Brief » Reproduce the listing below in full and exactly; no pictures belong in the copy.

########

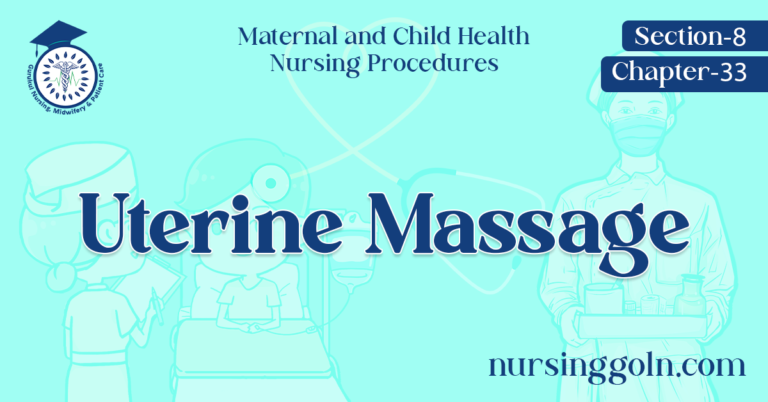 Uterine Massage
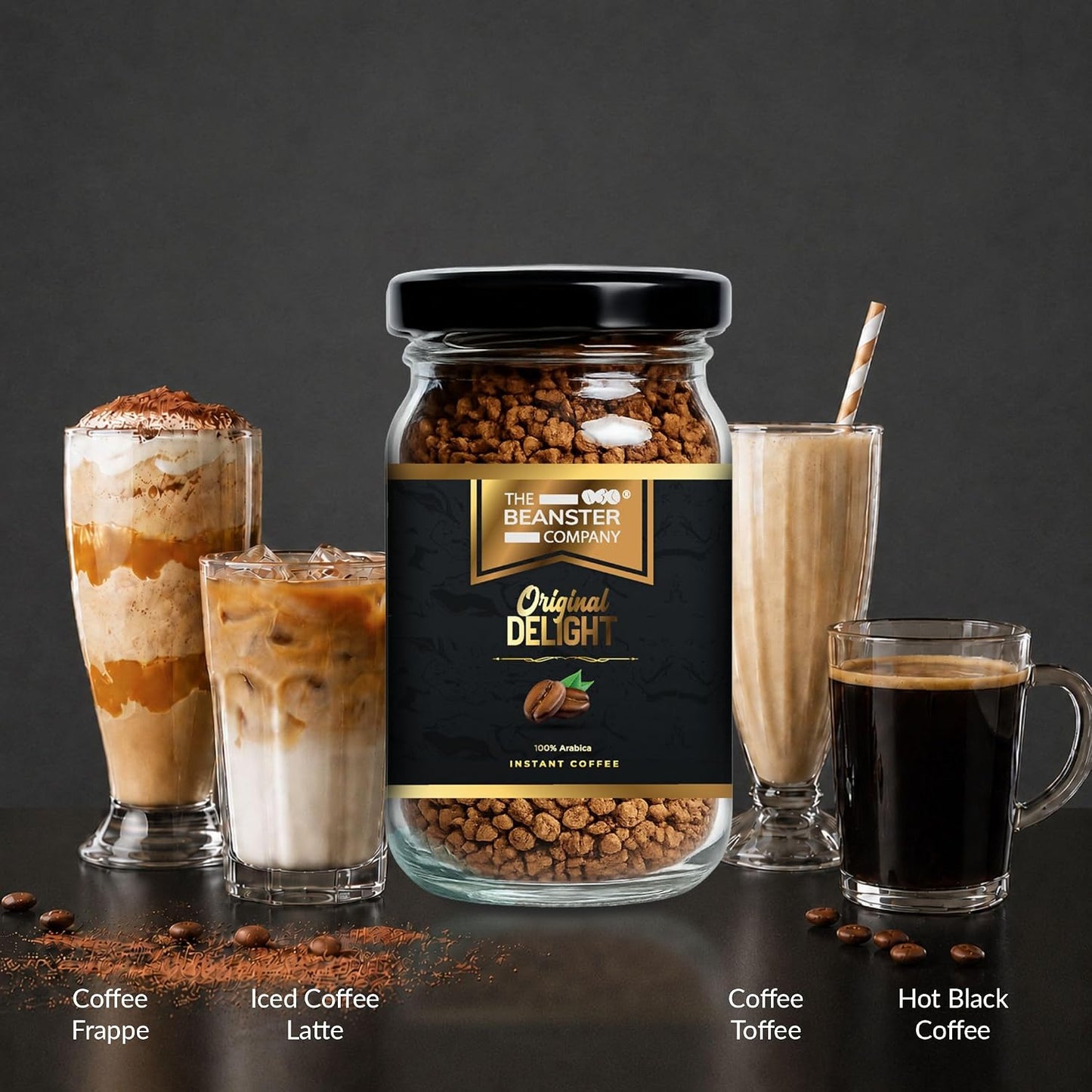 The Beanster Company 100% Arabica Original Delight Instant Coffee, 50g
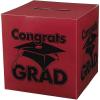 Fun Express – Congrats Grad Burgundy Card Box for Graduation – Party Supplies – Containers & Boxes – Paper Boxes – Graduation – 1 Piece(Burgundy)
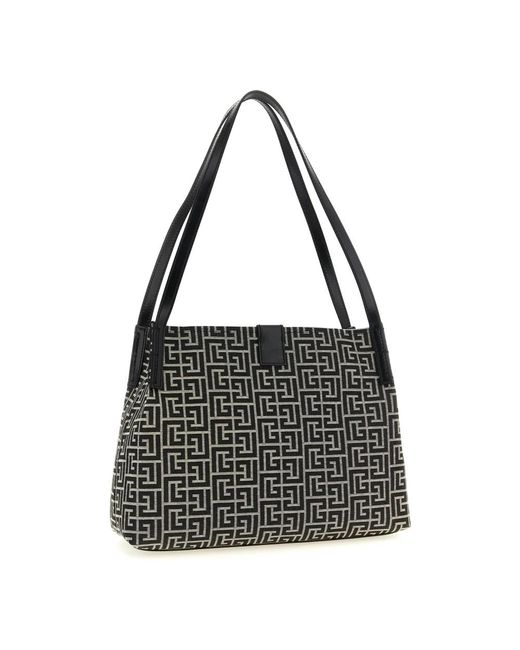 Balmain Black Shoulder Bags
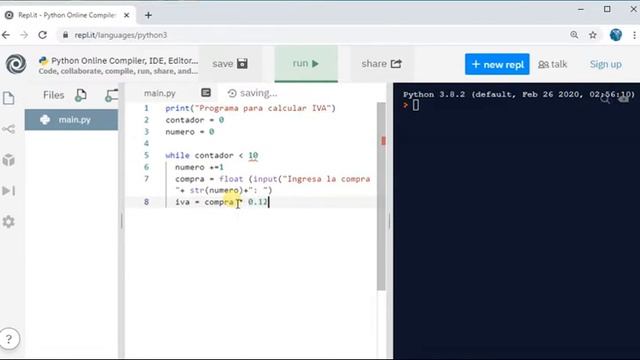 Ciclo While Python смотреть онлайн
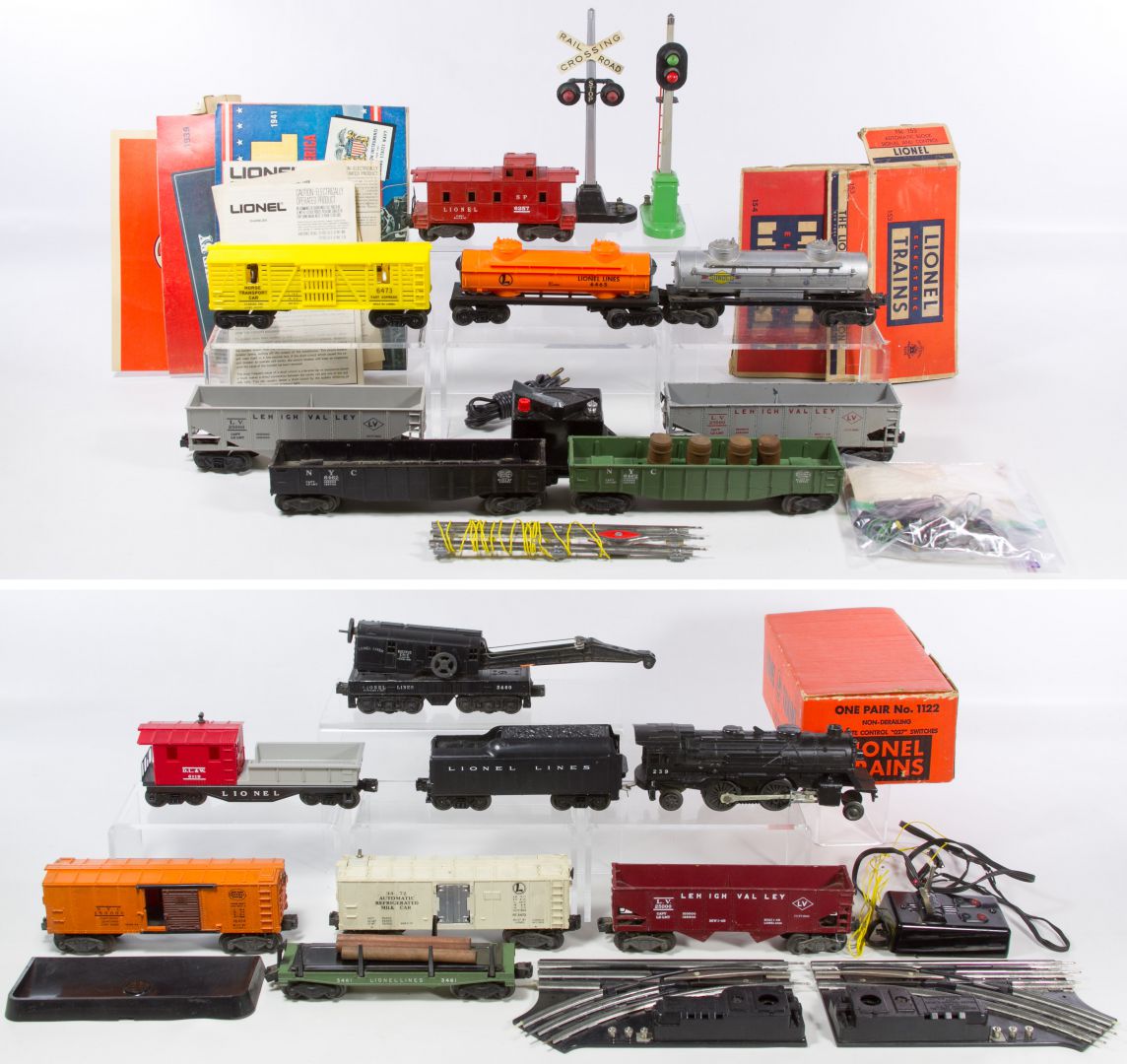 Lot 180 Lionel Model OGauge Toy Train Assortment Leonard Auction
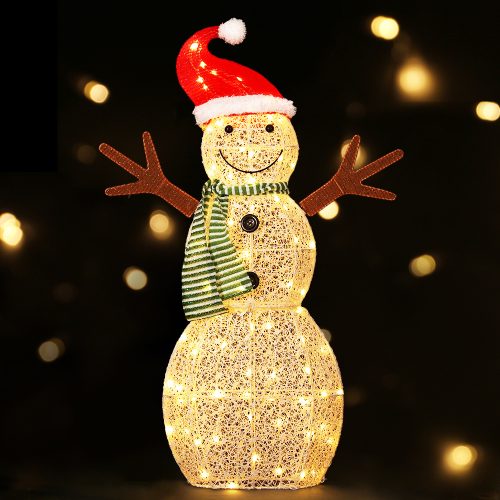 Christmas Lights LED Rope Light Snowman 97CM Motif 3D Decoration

########

Output for this task »
 Uterine Massage
 The Beanster Company 100% Arabica Original Delight Instant Coffee, 50g
 Fun Express – Congrats Grad Burgundy Card Box for Graduation – Party Supplies – Containers & Boxes – Paper Boxes – Graduation – 1 Piece(Burgundy)
 Balmain Black Shoulder Bags
 Ciclo While Python смотреть онлайн
 Lot 180 Lionel Model OGauge Toy Train Assortment Leonard Auction
 Christmas Lights LED Rope Light Snowman 97CM Motif 3D Decoration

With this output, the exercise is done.